The link which PaddyD posted is actually a very useful starting point to understanding how to amend the Macro Recorder code to eliminate all the unnecessary bits which slow things down.  One of the things I did when I started learning VBA was to analyse each line of code seperately (with the aid of the help files) to understand what it was doing and why and whether there were alternative solutions/methods (believe it or not, quite often, help file examples will actually provide you with relevant code in my experience!).  I still do this now when people here provide me with code solutions rather than just using it because it means you stand a chance of being able to debug/edit the code when necessary.

I'm going on a bit now so I'll leave it at that for the time being and wish you the best of luck!


----------



## arkusM (Apr 18, 2007)

Lewiy,
Shiny, I have no programming backgroud, so gaining this type of theroy will be helpful. Thanks for the tip on working at understanding each line of code. 
Thanks for the post.


----------



## brian.wethington (Apr 20, 2007)

This is all some very good advice, I would just love to add a small tidbit.  I am also somewhat new to VBA.  I have picked it up fairly quickly and run with it.  Probably the most helpful thing to me was to gain my knowledge by doing one small task at a time via Macro Recorder.  Once I had recorded it I would look at the code.  I realized there were probably some better ways to do things very quickly.  For example, there is no need to activate/select sheets or ranges in most circumstances. I would work with that small piece of code until I felt I had that small procedure to the quickest, simplest route I could get it to be.  I would say with each line of code I would be using previous ideas and the help files.  Also, if I could not figure something out completely I would have one very small question that I could ask here. This way I would not get an extensive code from someone that I would have to question exactly what all is going on at what point.  Therefore, I knew exactly what each line of code was doing and how when I received it, then I would disect that line of code and determine if it could apply to anything I have done previously. Lastly, once you have developed a firm grasp of a particular aspect, try to explain it to someone. I can't tell you how many times I have explained something to someone and determined a simpler, more elegant approach.  That is why this site is so helpful.  I can help others with questions I once had. I can explain certain things, then the final important thing, people ask questions about certian things you don't sometimes think about and you can find a solution for it.  Problem solving is a very important part to all of this, and the more you practice that, the better you will find your VBA solutions more quickly.

This is a long explanation to a short meaning.  Use VBA Helpfiles, Macro Recorder and ask questions to get up to speed.  Then start using what you have learned as much as possible.


----------



## arkusM (May 15, 2007)

Thanks everybody for your contributions! (not sure if anyone is still "watching" this topic) but if you are thanks.
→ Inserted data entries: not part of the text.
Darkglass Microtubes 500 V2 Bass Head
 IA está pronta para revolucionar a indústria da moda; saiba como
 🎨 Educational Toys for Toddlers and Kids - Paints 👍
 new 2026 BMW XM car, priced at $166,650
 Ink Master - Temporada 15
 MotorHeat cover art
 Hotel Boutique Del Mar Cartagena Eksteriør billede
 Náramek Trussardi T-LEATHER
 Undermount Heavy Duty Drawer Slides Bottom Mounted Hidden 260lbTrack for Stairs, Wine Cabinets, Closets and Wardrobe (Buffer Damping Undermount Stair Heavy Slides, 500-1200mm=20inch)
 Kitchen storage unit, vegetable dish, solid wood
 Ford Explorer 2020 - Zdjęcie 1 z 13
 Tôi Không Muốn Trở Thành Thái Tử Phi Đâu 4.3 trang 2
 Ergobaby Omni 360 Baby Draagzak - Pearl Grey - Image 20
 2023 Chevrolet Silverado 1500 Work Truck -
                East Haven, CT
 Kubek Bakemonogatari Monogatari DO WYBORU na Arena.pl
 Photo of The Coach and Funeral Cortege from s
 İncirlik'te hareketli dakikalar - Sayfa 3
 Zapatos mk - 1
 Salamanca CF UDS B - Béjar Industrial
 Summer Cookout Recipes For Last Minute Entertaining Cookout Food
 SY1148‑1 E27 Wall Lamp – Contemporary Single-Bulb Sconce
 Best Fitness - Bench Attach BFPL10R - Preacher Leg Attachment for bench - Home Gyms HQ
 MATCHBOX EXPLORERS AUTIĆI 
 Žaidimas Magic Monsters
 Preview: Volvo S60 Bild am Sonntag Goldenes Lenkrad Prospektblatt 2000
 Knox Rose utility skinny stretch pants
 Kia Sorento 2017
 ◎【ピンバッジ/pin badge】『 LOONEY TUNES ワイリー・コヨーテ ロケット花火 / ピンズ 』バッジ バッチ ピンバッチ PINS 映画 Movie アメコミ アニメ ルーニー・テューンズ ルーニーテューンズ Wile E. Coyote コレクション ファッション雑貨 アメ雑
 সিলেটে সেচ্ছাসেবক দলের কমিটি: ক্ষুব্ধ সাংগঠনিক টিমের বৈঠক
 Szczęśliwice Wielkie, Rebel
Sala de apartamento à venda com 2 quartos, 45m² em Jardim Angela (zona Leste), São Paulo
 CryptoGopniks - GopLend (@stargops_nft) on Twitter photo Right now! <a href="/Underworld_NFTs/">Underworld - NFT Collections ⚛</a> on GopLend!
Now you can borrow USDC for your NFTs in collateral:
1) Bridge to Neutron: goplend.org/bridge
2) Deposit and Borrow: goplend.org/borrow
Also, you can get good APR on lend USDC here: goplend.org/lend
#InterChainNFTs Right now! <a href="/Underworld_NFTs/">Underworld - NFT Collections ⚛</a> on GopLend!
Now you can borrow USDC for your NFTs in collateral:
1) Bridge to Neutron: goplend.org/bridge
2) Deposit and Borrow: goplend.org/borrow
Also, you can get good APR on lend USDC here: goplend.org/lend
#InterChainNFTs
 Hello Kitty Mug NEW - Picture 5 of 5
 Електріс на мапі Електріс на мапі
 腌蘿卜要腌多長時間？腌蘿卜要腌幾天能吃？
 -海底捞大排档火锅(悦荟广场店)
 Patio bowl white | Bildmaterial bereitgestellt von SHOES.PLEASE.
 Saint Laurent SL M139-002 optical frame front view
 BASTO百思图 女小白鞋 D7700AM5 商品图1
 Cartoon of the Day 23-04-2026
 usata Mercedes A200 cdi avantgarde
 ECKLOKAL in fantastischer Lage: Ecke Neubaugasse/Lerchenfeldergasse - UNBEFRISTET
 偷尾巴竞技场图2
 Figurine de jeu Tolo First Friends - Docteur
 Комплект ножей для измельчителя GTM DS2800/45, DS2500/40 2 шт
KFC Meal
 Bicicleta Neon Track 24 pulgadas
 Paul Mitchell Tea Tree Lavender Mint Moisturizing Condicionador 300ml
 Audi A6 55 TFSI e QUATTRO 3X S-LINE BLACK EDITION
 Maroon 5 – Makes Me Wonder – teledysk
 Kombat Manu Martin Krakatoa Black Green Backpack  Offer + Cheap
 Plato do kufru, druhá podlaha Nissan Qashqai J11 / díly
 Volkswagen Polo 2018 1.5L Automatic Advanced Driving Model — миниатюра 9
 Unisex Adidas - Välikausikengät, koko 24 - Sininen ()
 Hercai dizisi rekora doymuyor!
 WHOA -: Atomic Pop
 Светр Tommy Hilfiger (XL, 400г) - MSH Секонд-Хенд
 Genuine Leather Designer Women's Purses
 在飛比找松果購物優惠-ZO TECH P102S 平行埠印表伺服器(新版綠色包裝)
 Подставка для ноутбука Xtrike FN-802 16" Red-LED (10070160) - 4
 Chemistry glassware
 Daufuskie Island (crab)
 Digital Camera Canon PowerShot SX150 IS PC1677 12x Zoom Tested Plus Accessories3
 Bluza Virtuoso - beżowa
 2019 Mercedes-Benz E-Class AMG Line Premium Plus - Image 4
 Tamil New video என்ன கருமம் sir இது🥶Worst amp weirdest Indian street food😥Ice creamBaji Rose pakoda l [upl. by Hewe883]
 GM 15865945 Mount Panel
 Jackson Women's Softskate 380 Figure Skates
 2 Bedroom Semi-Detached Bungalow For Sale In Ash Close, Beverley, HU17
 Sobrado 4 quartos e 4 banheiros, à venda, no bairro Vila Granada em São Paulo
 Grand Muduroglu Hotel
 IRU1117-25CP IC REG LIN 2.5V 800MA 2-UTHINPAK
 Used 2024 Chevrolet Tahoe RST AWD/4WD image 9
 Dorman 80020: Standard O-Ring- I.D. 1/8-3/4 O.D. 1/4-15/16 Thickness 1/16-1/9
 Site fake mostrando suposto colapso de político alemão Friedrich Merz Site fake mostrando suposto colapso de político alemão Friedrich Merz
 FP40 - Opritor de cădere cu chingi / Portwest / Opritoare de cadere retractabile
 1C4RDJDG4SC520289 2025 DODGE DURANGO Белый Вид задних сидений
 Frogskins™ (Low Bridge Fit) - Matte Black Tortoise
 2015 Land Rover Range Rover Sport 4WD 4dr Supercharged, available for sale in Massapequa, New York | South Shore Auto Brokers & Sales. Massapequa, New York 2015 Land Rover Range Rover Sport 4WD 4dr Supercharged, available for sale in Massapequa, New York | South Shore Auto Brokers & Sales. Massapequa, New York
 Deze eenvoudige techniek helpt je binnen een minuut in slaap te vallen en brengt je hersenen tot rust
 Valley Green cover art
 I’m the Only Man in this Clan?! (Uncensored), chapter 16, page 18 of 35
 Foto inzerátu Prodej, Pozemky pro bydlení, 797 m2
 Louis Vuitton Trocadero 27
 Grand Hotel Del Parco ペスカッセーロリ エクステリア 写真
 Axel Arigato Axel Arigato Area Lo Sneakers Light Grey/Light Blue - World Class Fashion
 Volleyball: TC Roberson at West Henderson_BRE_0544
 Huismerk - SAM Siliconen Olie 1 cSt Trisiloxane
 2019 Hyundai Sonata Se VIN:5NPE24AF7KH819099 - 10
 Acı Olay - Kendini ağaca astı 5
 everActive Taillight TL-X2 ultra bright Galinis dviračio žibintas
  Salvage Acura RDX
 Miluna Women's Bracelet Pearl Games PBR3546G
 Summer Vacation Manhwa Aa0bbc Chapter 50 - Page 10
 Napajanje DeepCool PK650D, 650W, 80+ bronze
I have started down the road, I am reaching the knows-enough-to-be-dangerous stage, as least enough to begin to be able to ask how-to questions.

Thanks All!


----------



## Hatcheda (May 17, 2007)

Also, after you borrow code . . .
Open the VB editor and place breaks in the code by clicking the grey area to the left of the code. You should see a red dot. (A Break) Press F8 to continue

If you run the code using this, you can see how it works, step, by step!
Of course this works best with two monitors!  I use three at work! Rocks!


----------



## arkusM (May 17, 2007)

Three!! Wow, I have two, which is VERY nice to code stuff in. I got used to two monitors in my graphic design days and when i started in my current job it was not long before I requested two monitors. It makes pretty much everything easier. I cannot stand helping people out on their machine when they have the resolution set low (1024x768) and only one screen!! It is so easy to be spoiled.....

I have accidently turned "breaks" on but was unsure what they did. Thanks for letting me know!


----------



## Hatcheda (May 17, 2007)

Yeah, I just switched departments. We are using laptops because of travel but I have two 17's on the docking station. Everyone had their laptop closed and off to the side or under one of the monitors setting on the docking stand.  I just changed the bios and booted up with three! Laptop in middle, and monitor on each side! I will pm you tomorrow with a program you must have! Its called ultra monitor -really takes advantage of the dual monitor thing!


----------



## Hatcheda (May 17, 2007)

For the breaks to work you will need excel on screen and vb editor on the other (If you have that option)
Activate Excel - Run the macro (apply breaks first)
The macro will stop at the break
Activate the vb screen and hit F8 again and again to proceed to the next break.  -what changes with each press.  The change is the result of the previous press of f8

If you have code that wont funtion correctly, this can help alot
If you have code that is slow - use this to find what to change!

Also
Always consider adding 
Application.screenupdating = false
at the beginning
and 
Application.screenupdating = true 
at the end

This will cost you the majority of the run time

lastly, avoid 'select' -it slows you down.
Range("A1") = Range("A2")
Is much better than the copy select garbage the recorder writes!

Hope this helps


----------